■ WHAT TO WORK ON ■
Starting at the line below that contains "MALERATELIER LOSAVIO AG Logo" and ending at the line that contains "ASX 2.0 4X2", retype each line exactly as it stands, but omit the pictures.

■ PROVIDED MATERIAL ■
+-------+

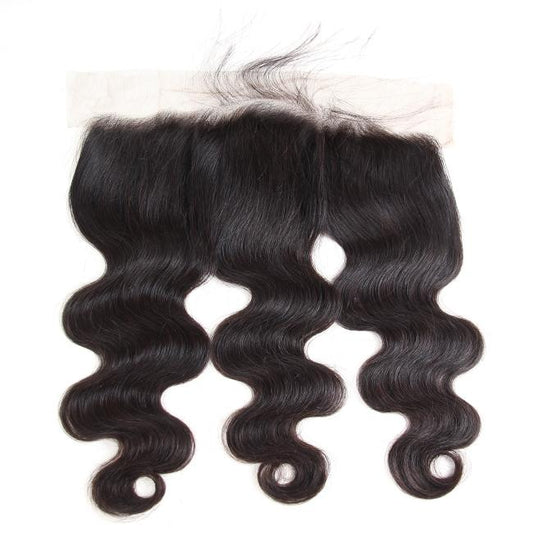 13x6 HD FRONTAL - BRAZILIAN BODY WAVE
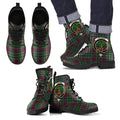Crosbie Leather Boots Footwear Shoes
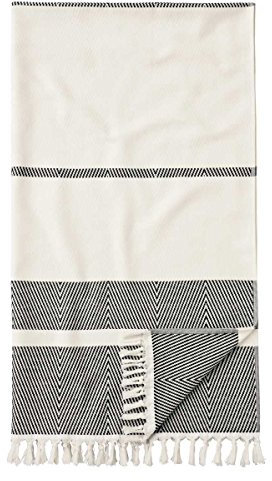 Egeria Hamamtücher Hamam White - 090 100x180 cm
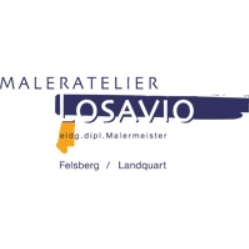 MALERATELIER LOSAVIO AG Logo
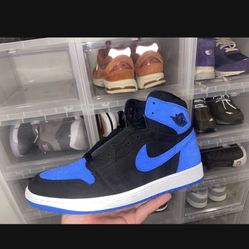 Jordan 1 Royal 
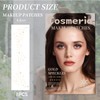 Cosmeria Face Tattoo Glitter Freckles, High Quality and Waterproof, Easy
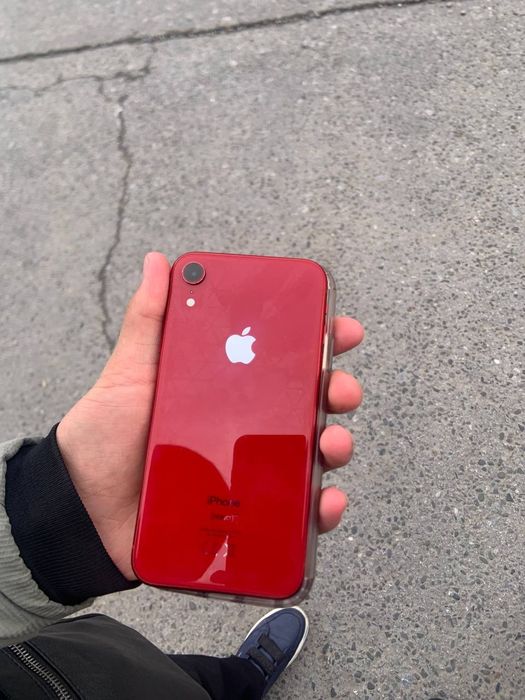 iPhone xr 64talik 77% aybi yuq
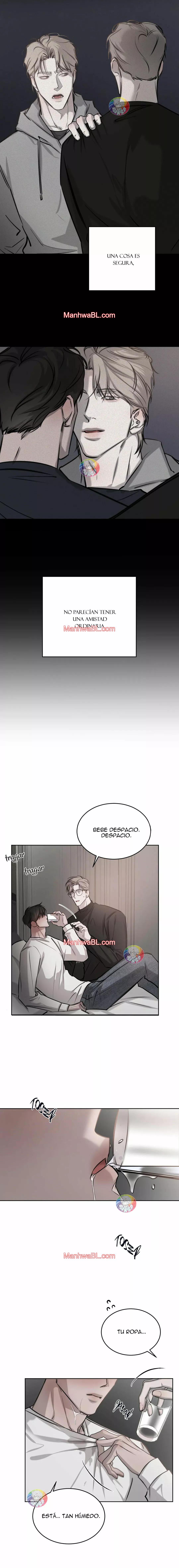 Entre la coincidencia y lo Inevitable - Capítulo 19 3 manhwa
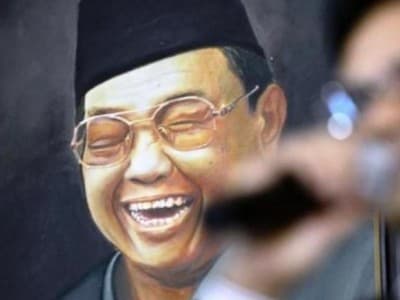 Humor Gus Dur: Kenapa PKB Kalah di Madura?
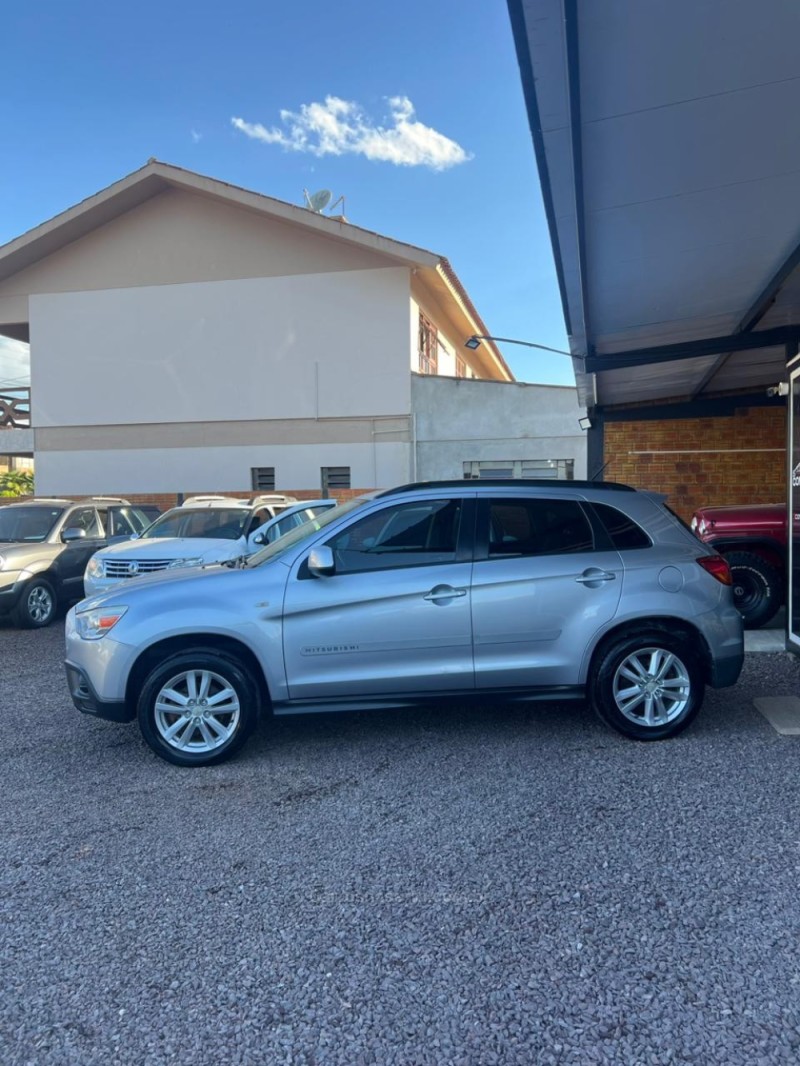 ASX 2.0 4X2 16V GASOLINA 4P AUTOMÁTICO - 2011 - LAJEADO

+-------+

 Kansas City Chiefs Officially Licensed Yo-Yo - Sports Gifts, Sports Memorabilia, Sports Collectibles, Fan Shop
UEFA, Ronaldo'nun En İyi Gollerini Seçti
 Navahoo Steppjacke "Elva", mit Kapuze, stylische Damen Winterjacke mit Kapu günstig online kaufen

+-------+

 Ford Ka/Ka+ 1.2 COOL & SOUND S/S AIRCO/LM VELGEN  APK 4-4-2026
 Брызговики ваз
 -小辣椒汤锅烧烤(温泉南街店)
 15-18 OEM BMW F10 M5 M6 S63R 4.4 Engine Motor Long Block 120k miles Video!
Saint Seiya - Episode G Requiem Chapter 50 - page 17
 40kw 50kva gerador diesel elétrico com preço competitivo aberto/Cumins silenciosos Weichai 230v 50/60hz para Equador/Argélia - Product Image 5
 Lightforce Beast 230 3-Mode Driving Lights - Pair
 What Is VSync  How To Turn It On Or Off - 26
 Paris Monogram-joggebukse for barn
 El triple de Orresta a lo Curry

+-------+

■ WRITTEN SOLUTION ■
 MALERATELIER LOSAVIO AG Logo
 Jordan 1 Royal 
 Cosmeria Face Tattoo Glitter Freckles, High Quality and Waterproof, Easy
 iPhone xr 64talik 77% aybi yuq
 Entre la coincidencia y lo Inevitable - Capítulo 19 3 manhwa
 Humor Gus Dur: Kenapa PKB Kalah di Madura?
 ASX 2.0 4X2 16V GASOLINA 4P AUTOMÁTICO - 2011 - LAJEADO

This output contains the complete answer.